§ Task requirements:
Read the listing below and copy out every line that holds "Photo".
++++++++++
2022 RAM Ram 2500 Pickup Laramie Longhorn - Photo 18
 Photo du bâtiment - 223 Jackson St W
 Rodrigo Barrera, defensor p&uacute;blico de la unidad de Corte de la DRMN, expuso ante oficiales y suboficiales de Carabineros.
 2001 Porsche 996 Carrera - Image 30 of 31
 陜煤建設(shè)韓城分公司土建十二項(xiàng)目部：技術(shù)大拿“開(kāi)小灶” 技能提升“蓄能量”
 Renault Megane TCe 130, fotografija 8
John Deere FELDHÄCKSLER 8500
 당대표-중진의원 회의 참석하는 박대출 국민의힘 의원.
++++++++++
§ Exercise solution:
2022 RAM Ram 2500 Pickup Laramie Longhorn - Photo 18
 Photo du bâtiment - 223 Jackson St W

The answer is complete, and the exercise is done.